Reliability Estimation Tool for SRAM Cells
In this tool, we focus on abstracting the various degradation effects from the physical level all the way up to the system level. In addition, we also model the impact of radiation on generating soft errors in SRAM cells using a physical particle simulator. We study different types of 6T SRAM cells (e.g. high performance, low power, etc.). The key goal is to provide designers and software developers at the systems level with an abstracted, yet sufficiently accurate reliability estimation represented with a probabilistic fault analysis. The latter has a more meaningful interpretation of reliability, unlike state of the art that employ other quantification metrics such as (SNM, Vth, etc.)
We study the “Register File” of different processors architectures (MIPS, SPARCV8, ALPHA) as an example.
Further details can be found in the following papers:
- Hussam Amrouch, Victor van Santen, Jörg Henkel “Interdependencies of Degradation Effects and their Impact on Computing” in IEEE Design & Test, 2016 (to appear), PDF
- Hussam Amrouch, Victor M. van Santen, Thomas Ebi, Volker Wenzel, Jörg Henkel, “Towards interdependencies of aging mechanisms”, IEEE/ACM 33rd International Conference on Computer-Aided Design (ICCAD’14), San Jose, USA, pp. 478-485, 2014, PDF
Lucid Infrared Thermography
Thermal analysis is a prerequisite for developing reliability increasing techniques for thermally-constrained processors, i.e. processors with a high power density. For that purpose, infrared (IR) camera measurement setups have been deployed with the purpose to provide direct feedback of the impact that thermal mitigation techniques have. To obtain lucid IR images, the IR-opaque cooling must be removed and hence, an alternative IR-transparent cooling needs to be provided to protect the chip. To this end, the majority of state of the art employs an IR coolant liquid to prevent the chip from overheating. The problem is that several aspects like thermal convection may interfere with the measured IR radiations resulting in equivocal IR images. Thus, they decrease the accuracy in a way that leads to incorrectly estimating reliability. Solving this prominent problem, we introduce an IR-transparent cooling that cools the chip from its rear side allowing the camera to perspicuously capture the IR emissions as no additional layer in between impedes the radiation. It maintains the on-chip temperatures within a safe range equivalent to the original heat sink-based cooling. In our work, we demonstrate how state-of-the-art inaccurate thermal analysis results in incorrectly estimating reliability. Our setup is the most accurate, least intrusive one that has been both proposed and actually applied to state-of-the-art multi-cores.
After the success of setup, we also developed the setup for the research group of Prof. Tulika Mitra at the National University of Singapore (NUS), Singapore. The setup is mainly employed to study the thermal behavior of state-of-the-art mobile processors.

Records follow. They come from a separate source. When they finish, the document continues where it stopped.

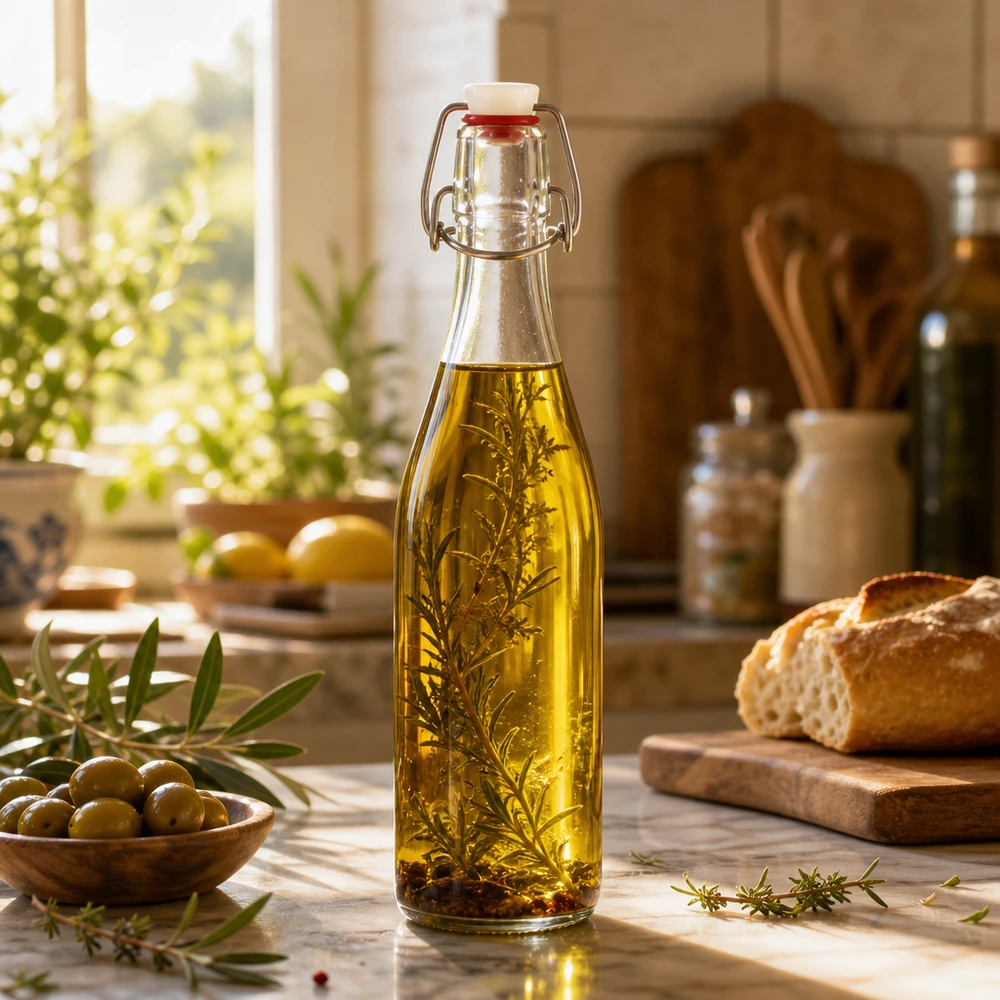 500ml szklana butelka z huśtawką wypełniona olejem ziołowym rozmaryn kuchnia śródziemnomorska przechowywanie oleju przyprawowego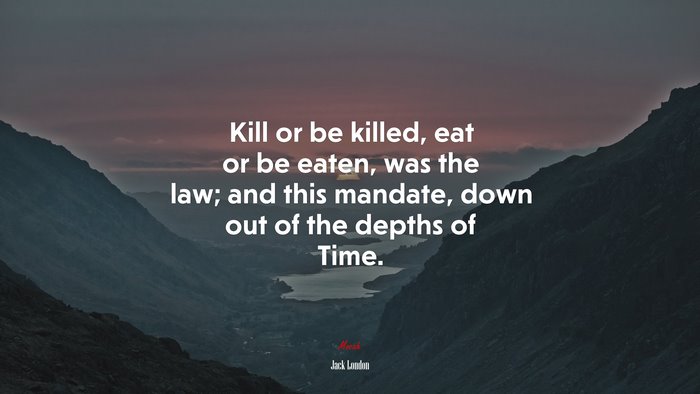 Kill or be killed, eat or be eaten, was the law; and this mandate, down out of the depths of Time. | Jack London quote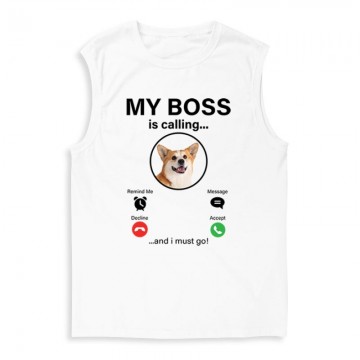 My Boss Calling Corgi Férfi Trikó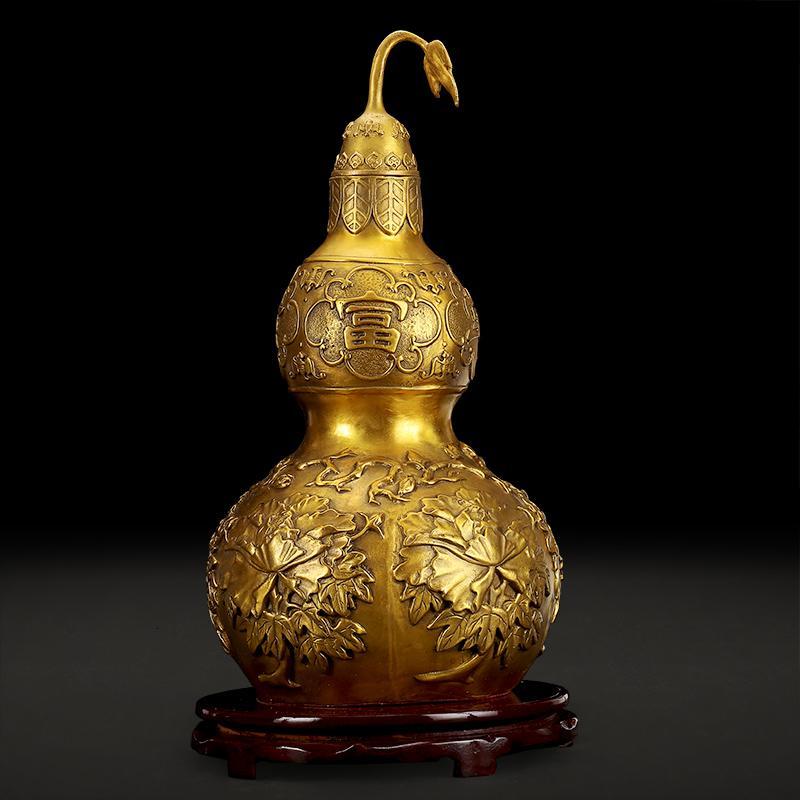 美帮汇大号铜葫芦摆件铜开口办公室摆设客厅电视柜装饰品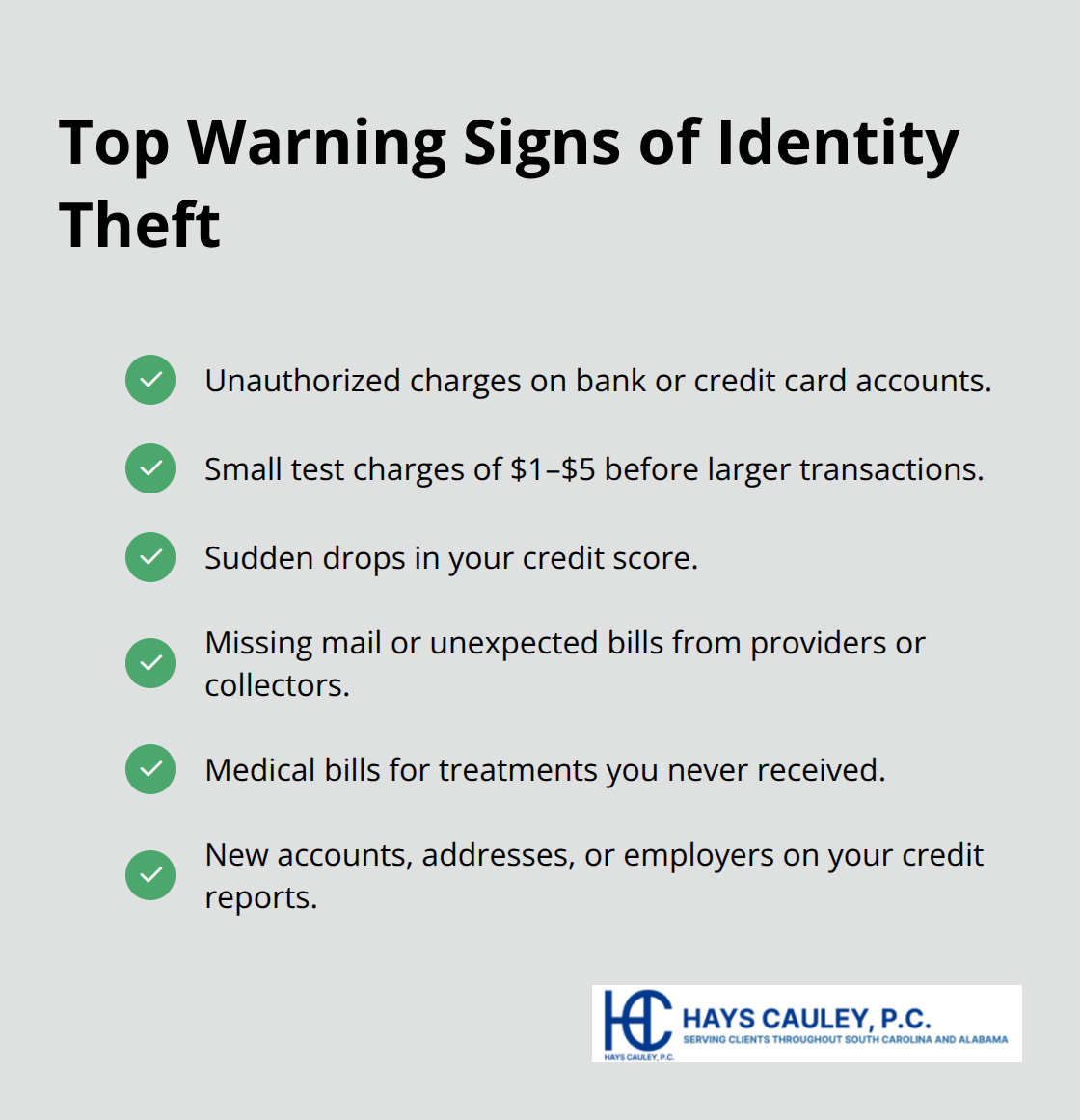 Checklist of common indicators that your identity may have been stolen. - examples of identity theft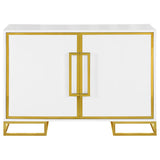 Elsa White and Gold 2-door Wood Storage Accent Cabinet - Ornate Home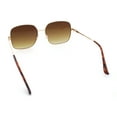 thumbnail image 7 of Womens Curved Concave Face Rectangle Oversized Metal Rim Sunglasses Gold - Brown, 7 of 7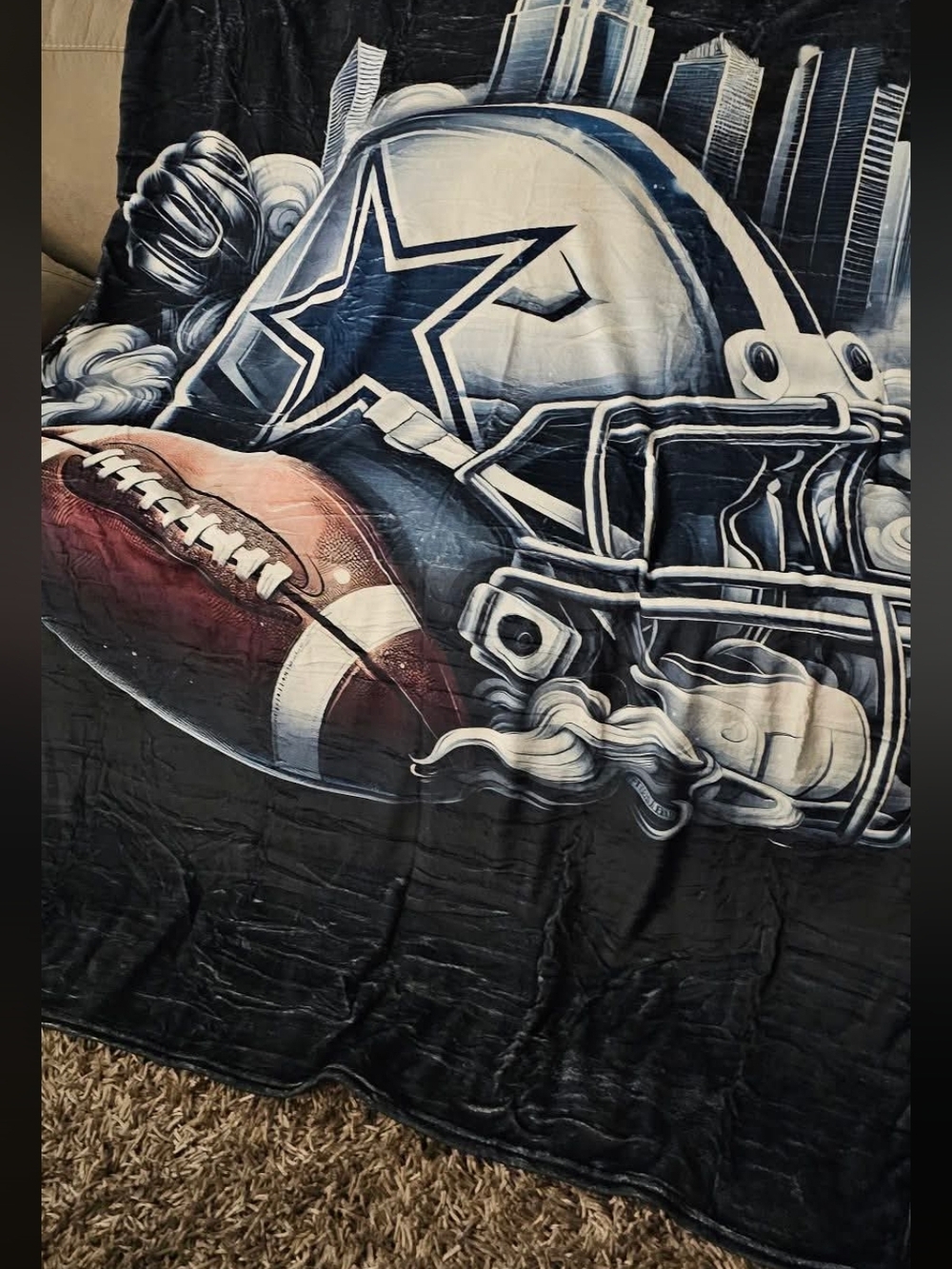 Dallas Star Football Helmet Plush Throw Blanket - Navy and White
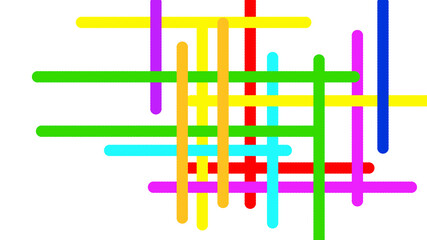 Colorful interconnected lines representing teamwork and diverse cross-cutting activities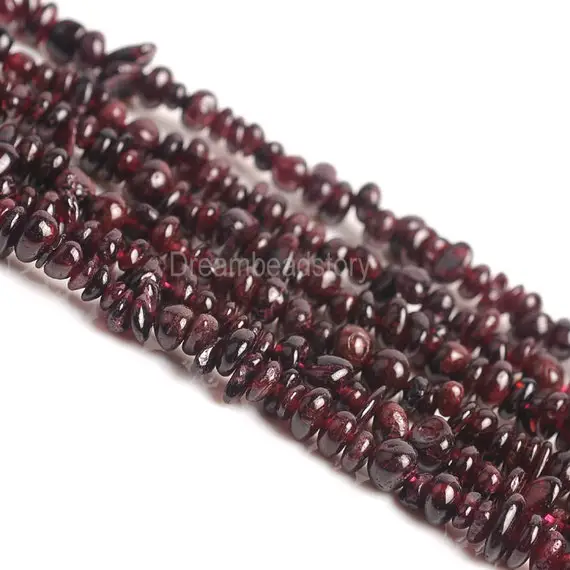 Long Strand Garnet Nugget Chips 3-5mm 34 Inch Natural Red Garnet Gemstone Irregular Pebbles Small Gemstone Chips Beads Supplies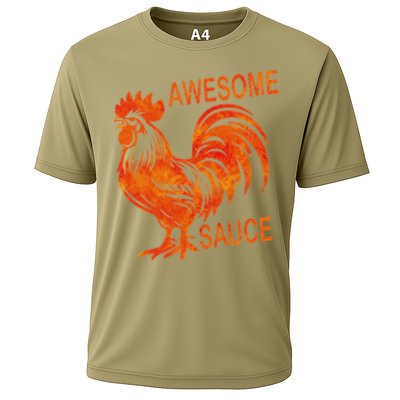 Awesome Sauce With Picture Of Rooster Performance Shirt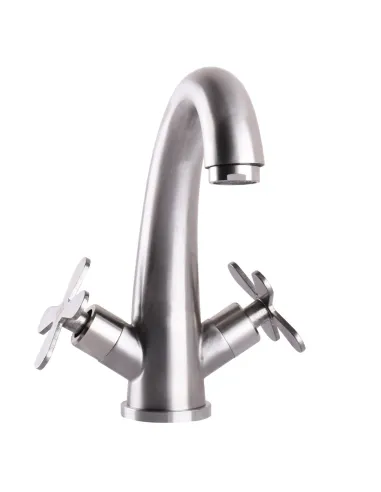 Смеситель для умывальника Globus Lux Dukat-8 SD8-401 нержавеющая сталь, двухвентильный - 3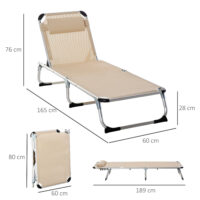 Beige Gartenliege aus Aluminium mit 5-facher Verstellung.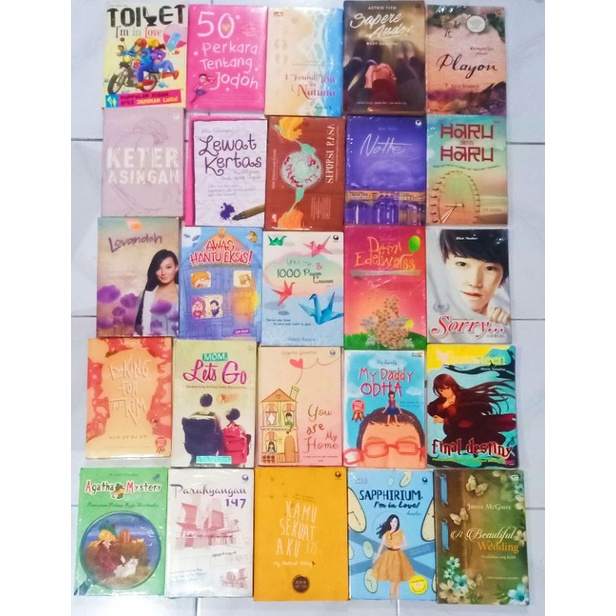 ( PROMO ) Obral paket murah ( isi 4 buku ) Novel remaja // fiksi // non fiksi // best seller // fantasi // romance // original // baru // new old stock-1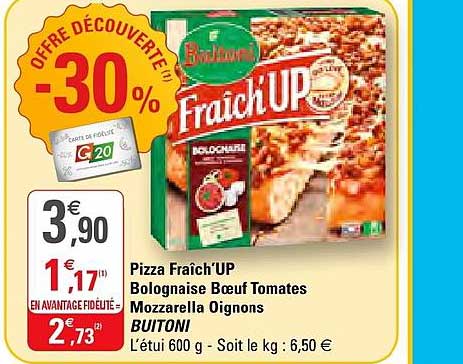pizza fraîch'up bolognaise boeuf tomates mozzarella oignons buitoni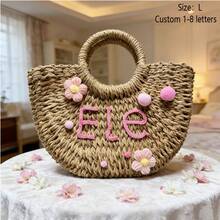 1 chiếc túi đi biển bằng rơm cá nhân hóa, túi tote có thể tùy chỉnh tên, quà tặng cho phù dâu, túi xách du lịch mùa hè phong cách Boho, quà tốt nghiệp, giỏ quà tiệc độc thân, quà tặng tiệc cưới/giỏ quà cho bé gái cầm hoa, túi du lịch dễ thương dung tích lớn. - Nhiều màu - Xem 27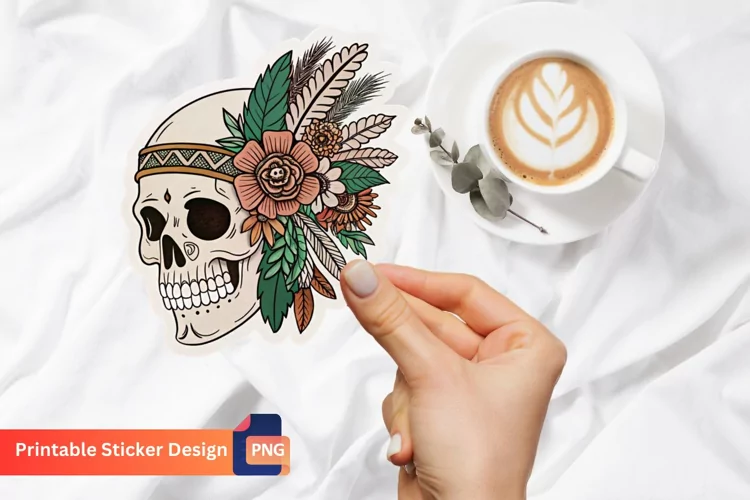 Boho Skull Sticker, Skull Art Stickers, Boho Style Skull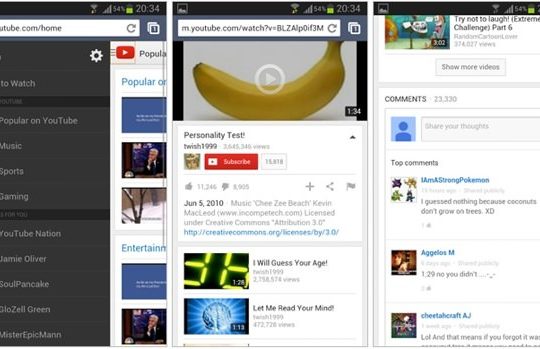 YouTube Mobile Nouvelle Interface 2014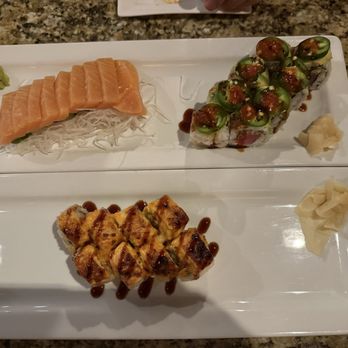 Firefly - Salmon sashimi, sunburn roll, and Maverick roll. Super delicious. - Steakhouses Near Me - Panama City Beach, Florida Firefly - Salmon sashimi, sunburn roll, and Maverick roll. Super delicious. - Steakhouses Near Me - Panama City Beach, Florida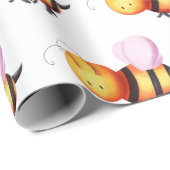 かわいいピンクの羽のハチの模様のラッピングペーパー ラッピングペーパー (ロールコーナー)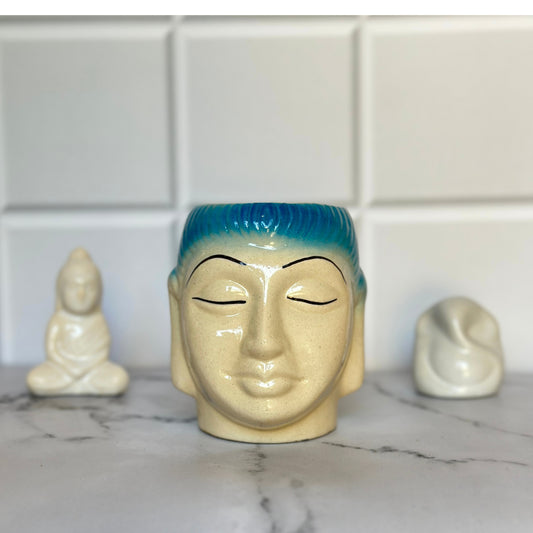 Ceramic (Blue Colour) Buddha Pot Home, Indoor Décor & Gifting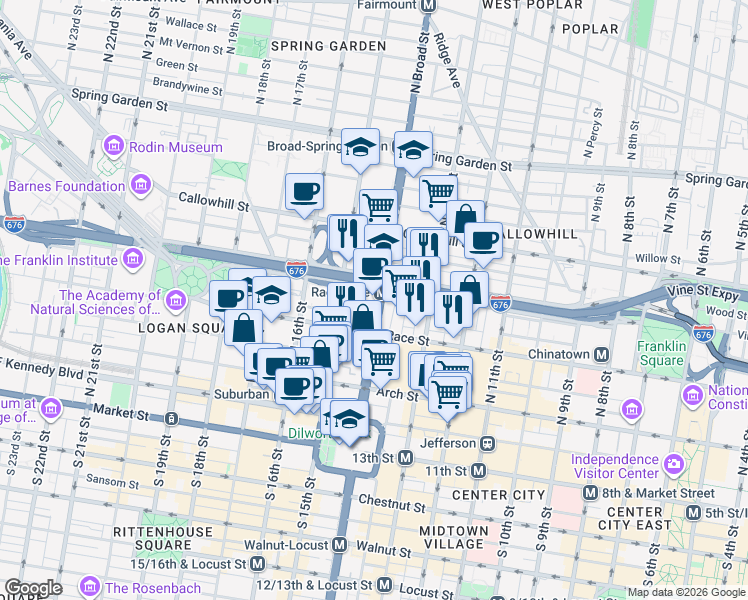 map of restaurants, bars, coffee shops, grocery stores, and more near 230 North Broad Street in Philadelphia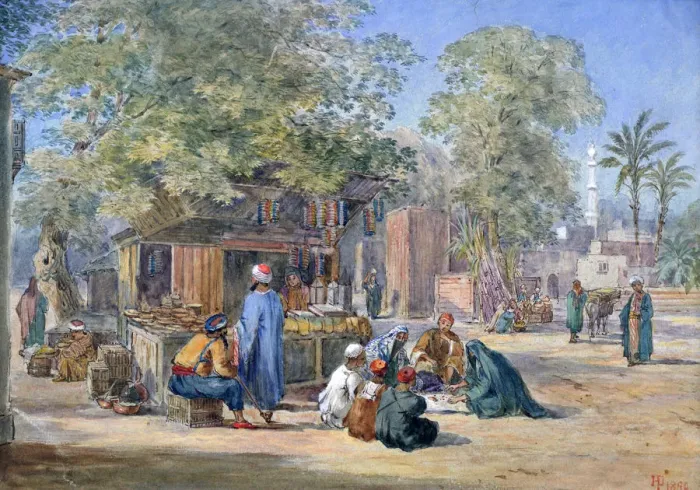 Framed Print : Egyptian Village, 1869. Artist: Henry Pilleau Framed Print : Egyptian Village, 1869. Artist: Henry Pilleau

Further details can be found in the following papers:
- Hussam Amrouch, Jörg Henkel “Lucid Infrared Thermography of Thermally-Constrained Processors” in ACM/IEEE International Symposium on Low Power Electronics and Design (ISLPED´15), Rome, Italy, July 22-24, 2015, PDF
- Alok Prakash, Hussam Amrouch, Muhammad Shafique, Tulika Mitra, Jörg Henkel “Improving Mobile Gaming Performance through Cooperative CPU-GPU Thermal Management” in ACM/EDAC/IEEE 53rd Design Automation Conference (DAC), Austin, TX, USA, June 5-9, 2016, PDF
- Daniel Palomino, Muhammad Shafique, Hussam Amrouch, Altamiro Susin, Jörg Henkel, “hevcDTM: Application-Driven Dynamic Thermal Management for High Efficiency Video Coding” in The IEEE/ACM 17th Design Automation and Test in Europe Conference (DATE'14), Dresden, Germany, March 24-28, 2014.